Os apetrechos/utensílios, entretanto desaparecidos: mosqueiros de arame e rendas brancas no balcão, salgadeiras, escarradores, serrim para limpar o vinho derramado. E dos jogos: sueca, damas, dominó, preparação de jogos de futebol popular entre solteiros e casados, com uma petiscada no fim e taça para a equipa vencedora. E que públicos mais ou menos flutuantes as frequentavam? Pescadores, marnotos, operários, administrativos e volta e meia um ou outro que denominavam de dou-tor, pelo facto de ser licenciado.
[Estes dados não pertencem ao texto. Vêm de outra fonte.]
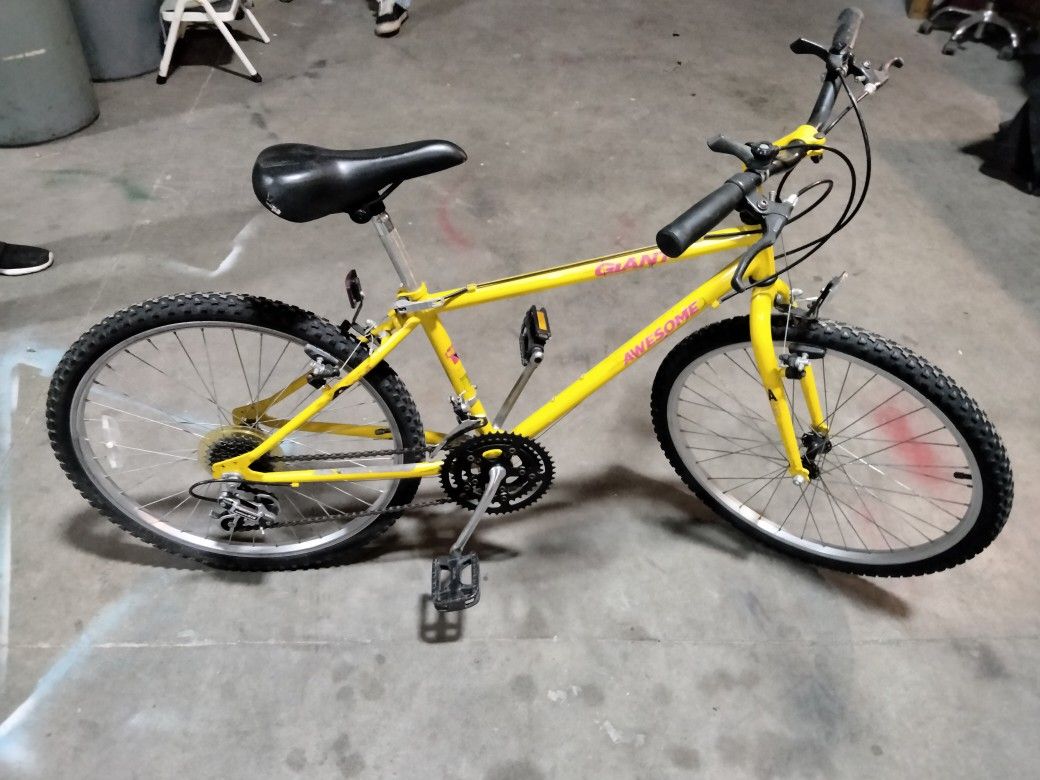 Classic Giant Mountain bike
Assim, o Manuel Pereira Pacheco, na sua busca constante de informação e investigação utilizando todas as fontes possíveis e inimagináveis, recorrendo e batendo a todas as portas e ruas, planeou e executou esta estupenda obra levantando factos na senda de uma caminhada vitoriosa.

Tratou-se de um percurso deveras triunfante, com reconhecimento que ultrapassará a esfera local, ilustrando factos e passagens de que os seus amigos e familiares e especialmente os aveirenses se poderão orgulhar.

Aos que tiverem a sorte e o empenho de lerem a presente obra atentem / 20 / para a maneira humana, simples e carinhosa com que o autor e os relatores expõem e narram os factos, poderão acreditar – somente os que amam poderão ter a visão de alguém que já não se encontra entre nós.

Parabéns Manuel e Armando, o vosso trabalho é um legado para a posteridade.